Page 1 of 1

Strange Problem - Join Performance Inconsistencies

Posted: Wed Aug 23, 2006 9:50 am
by nishadkapadia
Hi,

I have a simple job flow design/
Seq File(47 Mill Rec) is getting joined with Another Seq File.(20 Mill ).After doing join, there are some transformation and my target file is dataset file.
Since we are dealing with huge volumes, we have sort stage using Hash partition on join keys in both the sequential files. Also taking care of keeping the partition to Same.

We are able to execute the job in a jiffy getting throughput of 25000 rec / sec from Join stage,however today the throughput from join stage is as slow as 250 records per sec.

Nothing is changed in the job , neither the parameters.
Also have ran the job with APT_NO_SORT_INSERTION/APT_NO_PART_INSERTION params ,however without any luck in performance.

Am i missing something here.

Thanks in anticipation.

Posted: Wed Aug 23, 2006 11:05 am
by gpatton
What other tasks are going on - on the server while you were running today?

Did someone change the configuration file your job is using?

Other possibilities...

Posted: Wed Aug 23, 2006 1:48 pm
by jdmiceli
Hi all!

Other things to check:

1. Target indexes - if you constantly move data into the target, then the indexes may need to be refreshed/rebuilt.

2. Source indexes - same as above

3. Index structures - if you are using user defined queries, make certain the database optimizer has one or more indexes to follow.

4. Disk constraints maybe...

5. Limitations on a login's availability for resource usage (depending on OS and DB engine)

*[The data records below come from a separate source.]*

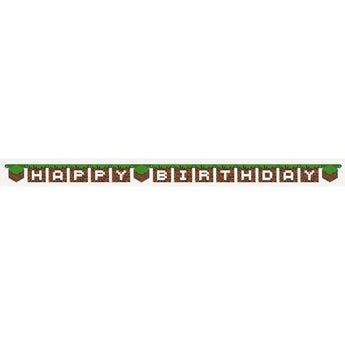 Bannière Happy Birthday (7Pi) - Minecraft Party Shop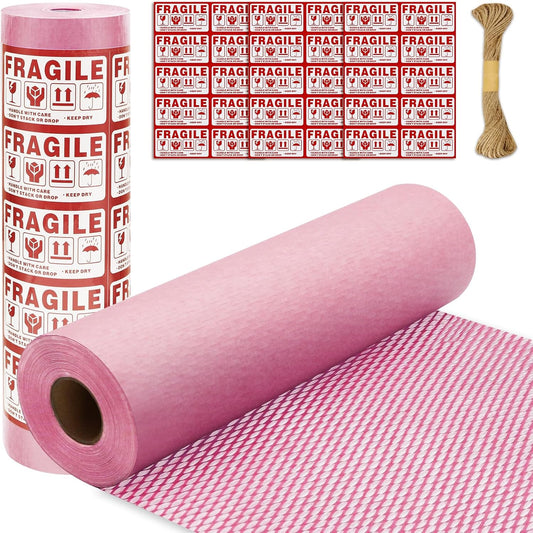Honeycomb Packing Paper PINENUTS 15" x 131' Eco Friendly Packing Paper for Moving Recyclable Honeycomb Paper Bubble Paper Wrapping with 30 Fragile Sticker Labels and 66fthemp rope (Pink)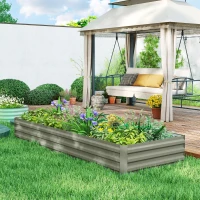 Outsunny 8 x 3 x 1ft Galvanized Raised Garden Bed, Metal Elevated Planter Box for Growing Flowers, Herbs, Succulents, Light Grey(m-8)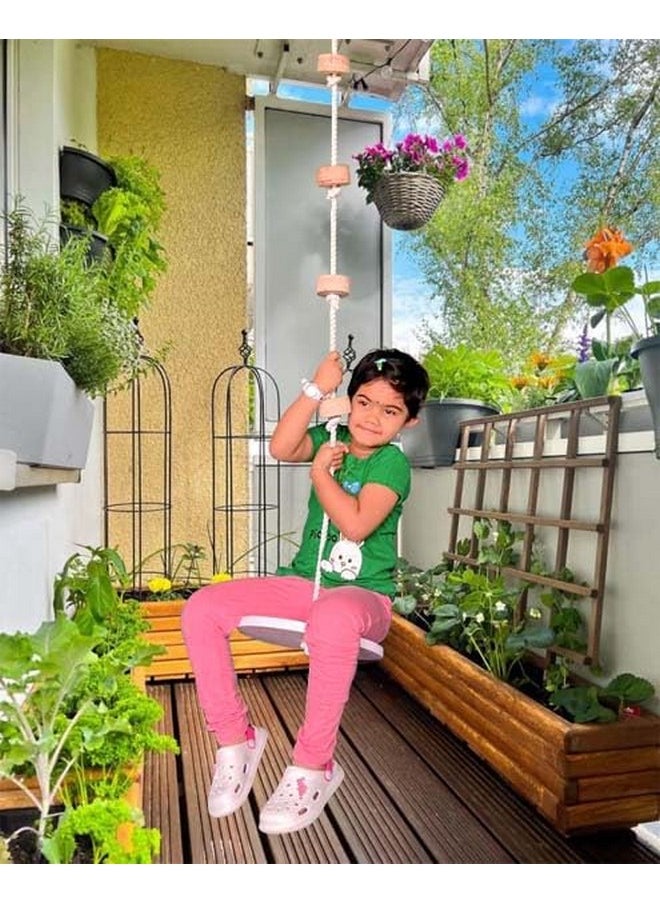 Homecute Wooden Climbing Rope Tree Swing with Platforms and Disc Swings Set, Outdoor Accessories for Kids, Trees House Tire Saucer Swing, Playground Swing Set.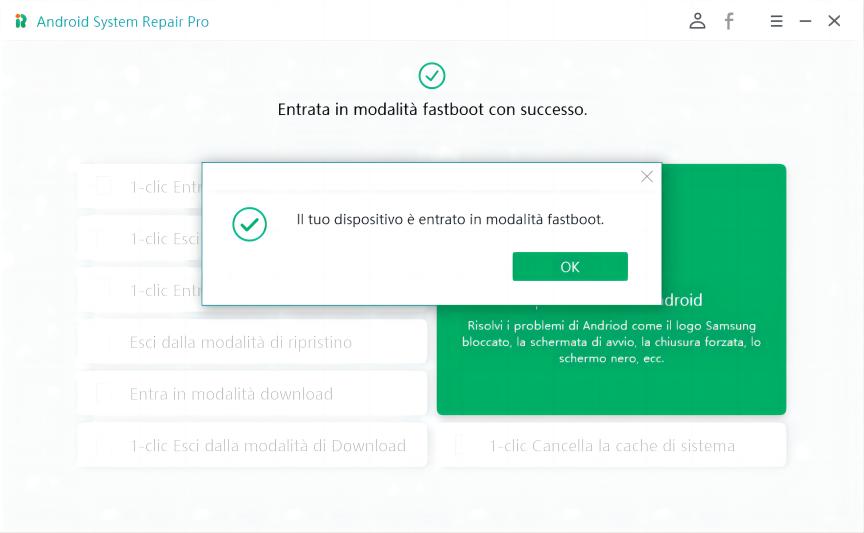 entrare in modalità fastboot con successo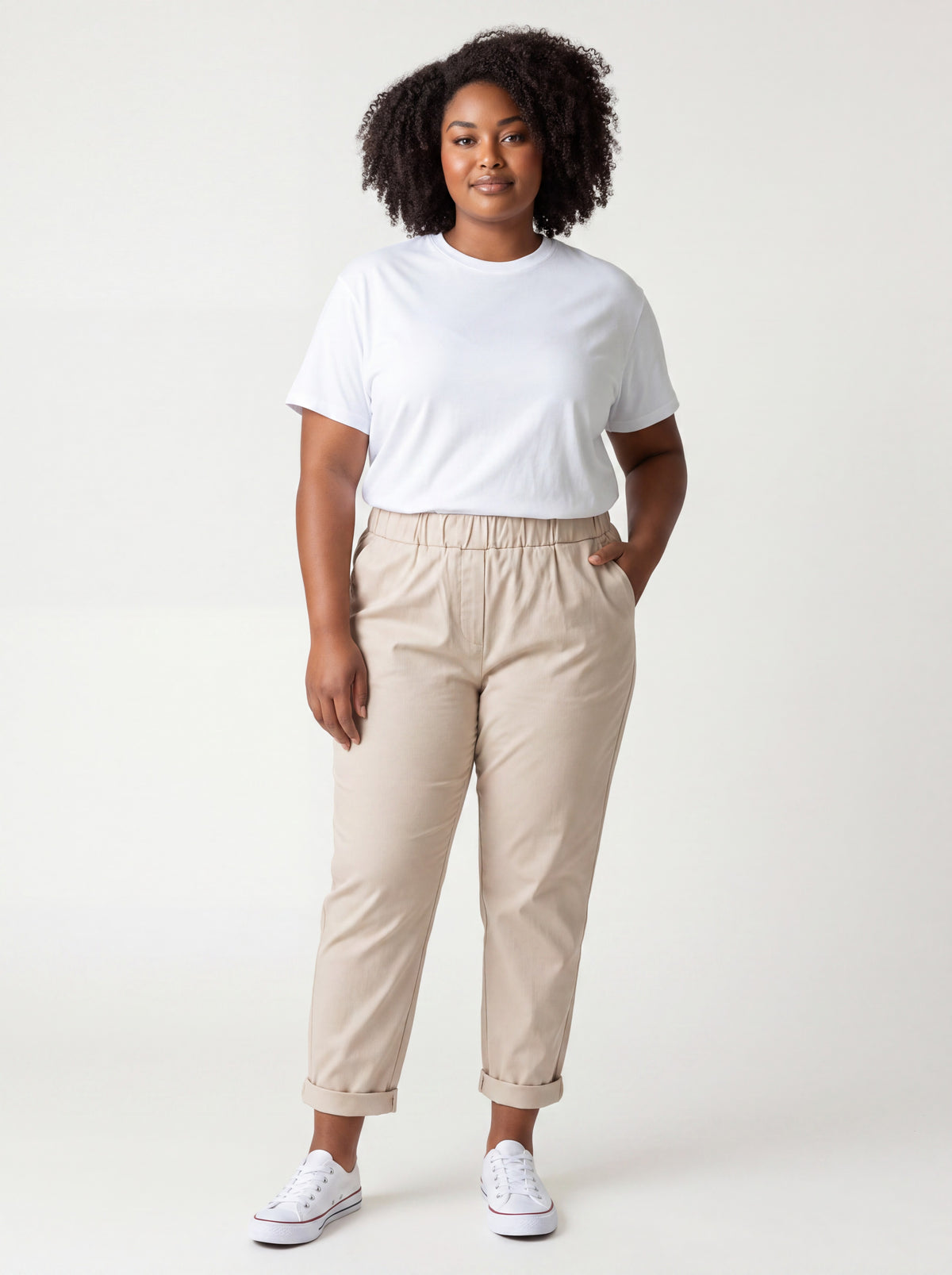 Pantalone Jeansetto Curvy in Misto Viscosa con Vita Elasticizzata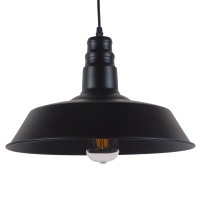 GLOBOSTAR® RAY  Vintage Κρεμαστό Φωτιστικό Οροφής με Ντουί 1 x E27 AC 220-240V IP20 - Μαύρο - Μ36 x Π36 x Υ25cm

Those are just some things that come to mind from a DBA point of view as opposed to a DS pov. Hope it helps!

Bestest!

Posted: Wed Aug 23, 2006 2:08 pm
by kcbland
What's your hardware setup? A single SMP box? Use glance, vmstat, memstat, top, prstat, whatever you can to monitor cpu, disk, and memory utilization. If something else is running, you're completing for resources.

Posted: Wed Aug 23, 2006 6:33 pm
by amitava.ghosh@gmail.com
Hi,

You are joining 2 sequential files with huge data. As DataSatge is reading from sequential files, this is anyway serial. In this case the conversion is Sequential to Parallel.

Insert a "Column Import" Stage after each sequential file and turn RCP on. If you have 8 nodes then you can expect a lot of performance benefit by inserting the column import stage. In this case the conversion will be from parallel to parallel.

Turn the "APT_DUMP_SCORE" on and check the job log with and without Column Import Stage. You will see the difference.

Regards

Posted: Wed Aug 23, 2006 8:12 pm
by kumar_s
Let me take the call behalf of Ray this time, "Nothing changed" is not the right answere. You need to find out what is actully changed between the two run.

Posted: Wed Aug 23, 2006 8:16 pm
by sanjay
Hi
what turn RCP on will do in this case.

Thanks
Sanjay

amitava.ghosh@gmail.com wrote:Hi,

You are joining 2 sequential files with huge data. As DataSatge is reading from sequential files, this is anyway serial. In this case the conversion is Sequential to Parallel.

Insert a "Column Import" Stage after each sequential file and turn RCP on. If you have 8 nodes then you can expect a lot of performance benefit by inserting the column import stage. In this case the conversion will be from parallel to parallel.

Turn the "APT_DUMP_SCORE" on and check the job log with and without Column Import Stage. You will see the difference.

Regards

Posted: Wed Aug 23, 2006 11:45 pm
by nishadkapadia
Thank you all for pointers.
Will try and will post on this thread my findings.

sanjay wrote:Hi
what turn RCP on will do in this case.

Thanks
Sanjay

amitava.ghosh@gmail.com wrote:Hi,

You are joining 2 sequential files with huge data. As DataSatge is reading from sequential files, this is anyway serial. In this case the conversion is Sequential to Parallel.

Insert a "Column Import" Stage after each sequential file and turn RCP on. If you have 8 nodes then you can expect a lot of performance benefit by inserting the column import stage. In this case the conversion will be from parallel to parallel.

Turn the "APT_DUMP_SCORE" on and check the job log with and without Column Import Stage. You will see the difference.

Regards

Posted: Thu Aug 24, 2006 12:39 am
by ray.wurlod
That nothing has changed in the job does not mean that nothing has changed on the system. For example it will be faster to insert 50 million rows into an empty table than into a table that already has very many rows. Newly added indexes, triggers and constraints will also slow load performance. Query performance might be slowed by the reverse; removed or invalidated indexes, removed ability to use precomputed aggregates, removed indexes on join columns, and so on.

Posted: Thu Aug 24, 2006 9:00 am
by nishadkapadia
Hi,

Yes, different executions do change the system. I need to be more careful.

There was some background process runnning on the AIX box, resulting in the box. Got it sorted out.

Thanks all once again.